Mia Hamm Amerikas bester Fußballer ist eine Frau

Mia Hamm ist 27 Jahre alt und spielt seit ihrem 15. Lebensjahr in der amerikanischen Nationalmannschaft. Sie hat alle erdenklichen Titel gewonnen, fußballbegeisterte US-Girls tragen ihr Trikot, Nike hat ihr einen eigenen Schuh entworfen, Mia "Barbie Puppen" sind ein Renner in den Kaufhäusern. Jetzt soll die Mittelstürmerin ihr Team nur noch zum WM-Titel schießen.
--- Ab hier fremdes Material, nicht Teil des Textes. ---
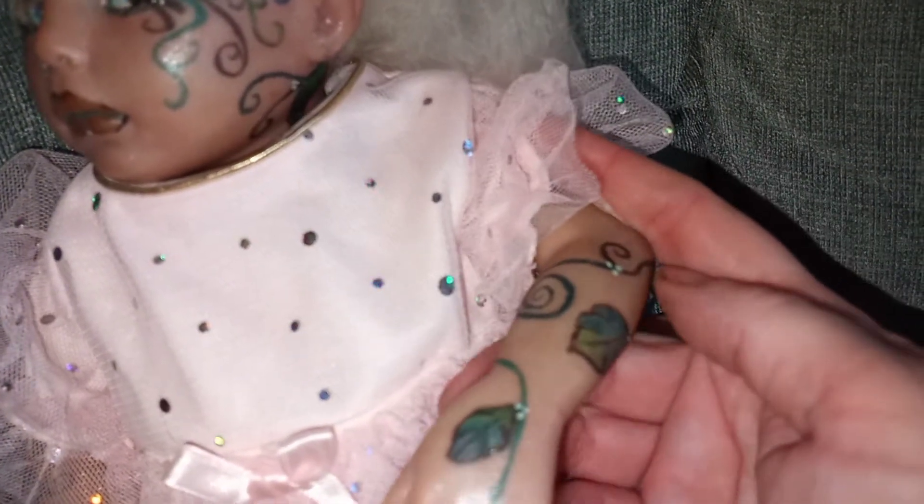Oh there — so cute! Here's the details on her hands.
"Niederlage" - für den größten US-Superstar des vergangenen Jahrzehnts, "his airness" Michael Jordan, ist das ein Fremdwort. Eigentlich. Doch auf einmal kommt es knüppeldick für Mr. Unbezwingbar: Nacheinander hat er beim Fechten, Laufen, Basketball (!) und Fußball das Nachsehen, und wird zuletzt beim Judo auch noch gnadenlos auf die Matte gewirbelt - in einem knallharten Duell Mann gegen, auch das noch, Frau.

"Zweikampfstark gegen Dänemarks Lene Terp Bjering."
REUTERS

"Zweikampfstark gegen Dänemarks Lene Terp Bjering."
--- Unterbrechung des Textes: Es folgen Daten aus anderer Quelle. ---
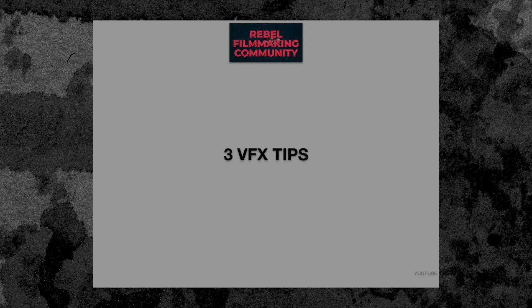Hey guys, how you doing? It's the RFC, the Rebel Filmmaking Community, where we take you from A to Z on making your feature film. Please check out our courses below — we'd love to have you in the community. My name is Sean, and today we're talking about some VFX tips.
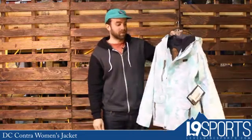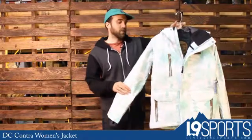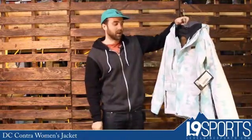What's up guys, Dan at Level 9 Sports. This is the DC Contra Jacket. As you can see, it's got a pretty cool pattern graphic on there. Native American patterns are so hot right now, or so it seems.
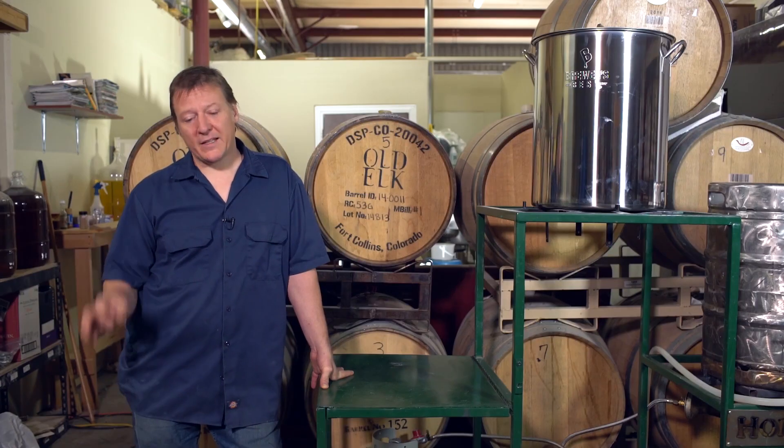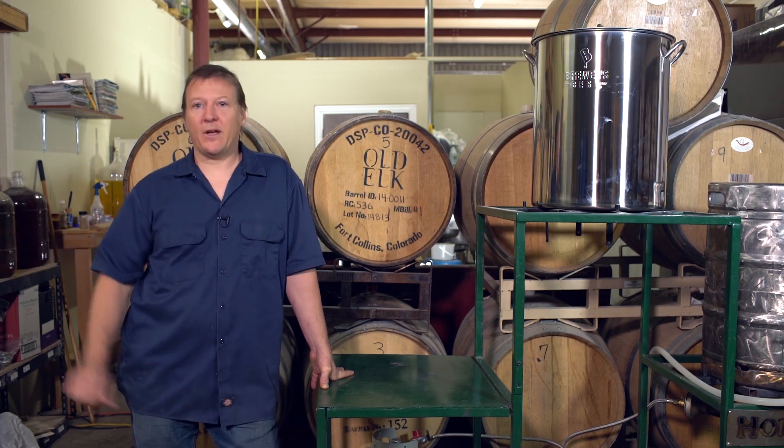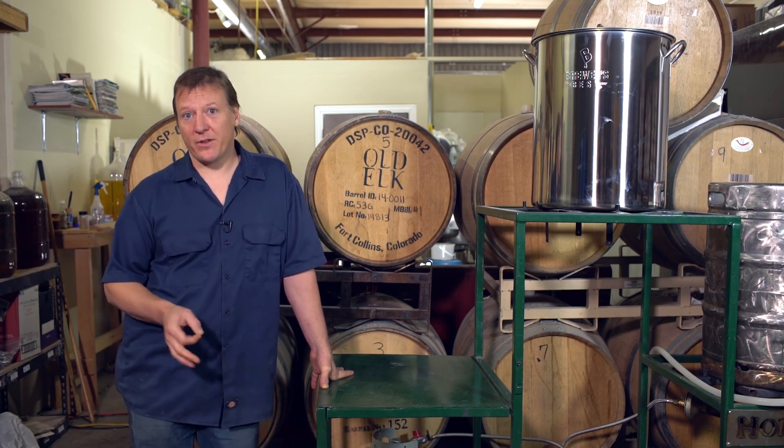Hi, this is Taylor Caron at Hops and Berries in Fort Collins, Colorado with Craft Beer and Brewing's Tip of the Week. One of the biggest pieces that marks a great brewer from an okay brewer is managing the temperature of the fermentation.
Okay, so richtig fair ist das Ganze nicht, stand das Ergebnis doch schon vorher fest - im Drehbuch eines Webespots, der in den USA gerade Furore macht. Seine Botschaft lautet in etwa: "Der König ist tot - es lebe die Königin". Die Königin ist Mia Hamm, über die selbst die mit Superlativen für gewöhnlich sparsame "New York Times" befand: Sie ist nicht Amerikas beste Fußballspielerin. Sie ist Amerikas bester Fußballer." Im sportlichen Spot-Duell mit Michael Jordan verkündet sie in kessem musikalischen Refrain: "Anything you can do, I can do better" (Alles, was du kannst, kann ich besser).
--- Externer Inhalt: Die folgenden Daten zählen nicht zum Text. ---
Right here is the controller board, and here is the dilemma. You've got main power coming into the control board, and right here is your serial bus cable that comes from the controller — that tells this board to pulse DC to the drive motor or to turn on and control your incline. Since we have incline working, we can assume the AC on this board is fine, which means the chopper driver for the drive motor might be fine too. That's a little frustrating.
Allein die Tatsache, daß kein geringerer als Superstar Michael Jordan neben der lieblichen Überzeugungskraft harter Dollar in diese freiwillige Niederlagenserie eingewilligt hat, zeigt den Stellenwert, den die für viele weltbeste Fußballerin in ihrer Heimat genießt. Sie ist das Gesicht, mit dessen Hilfe die Sponsoren Fußball in den USA zum endgültigen Durchbruch verhelfen möchten - und das nicht von ungefähr: Mia Hamm führt ein Team, das im Gegensatz zu dem der amerikanischen Männern absolute Weltklasse ist und bei den beiden bisherigen Spielen der Frauen-WM gegen Dänemark (3:0) und Nigeria (7:1) begeisternden Fußball zeigte.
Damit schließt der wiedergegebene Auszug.